Member of the Arkansas House of Representatives from the Jefferson County district
- In office January 13, 1879 – January 8, 1881 Serving with J. A. Hudson & William C. Payne

Member of the Arkansas Senate from the 20th district
- In office January 6, 1873 – November 10, 1874 Serving with John M. Clayton
- Preceded by: (redistricted)
- Succeeded by: (redistricted)

Personal details
- Born: 1848 Virginia
- Died: 1906 (aged 57–58) Chicago, Illinois
- Party: Republican (until–1900) Democrat (1900– death)
- Education: Oberlin College Old University of Chicago

= Richard A. Dawson =

African-American politician

Richard A. Dawson (1848 - 1906) was a lawyer and state legislator in Arkansas.

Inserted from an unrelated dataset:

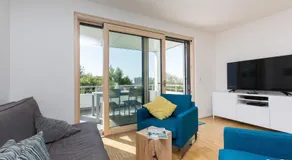 Ferienwohnung Busch - Image 2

He was born in Virginia and his father was a minister. Dawson studied at Oberlin College, and received his law degree from the Old University of Chicago. Dawson practiced law in Pine Bluff, Arkansas and represented the area in the Arkansas General Assembly from 1873 to 1874 and from 1879 to 1881.

==Political career==
Dawson served alongside other African-American legislators in both houses of the Arkansas General Assembly in the post-Reconstruction era. Dawson represented the 20th district in the Arkansas Senate (Bradley, Grant, Lincoln, and Jefferson counties) alongside John M. Clayton in the 19th Arkansas General Assembly and the 1874 Extraordinary Arkansas General Assembly. Dawson was elected to represent the Jefferson County district in the Arkansas House of Representatives during the 22nd Arkansas General Assembly alongside J. A. Hudson & William C. Payne. A Republican, he switched to become a Democrat by 1900.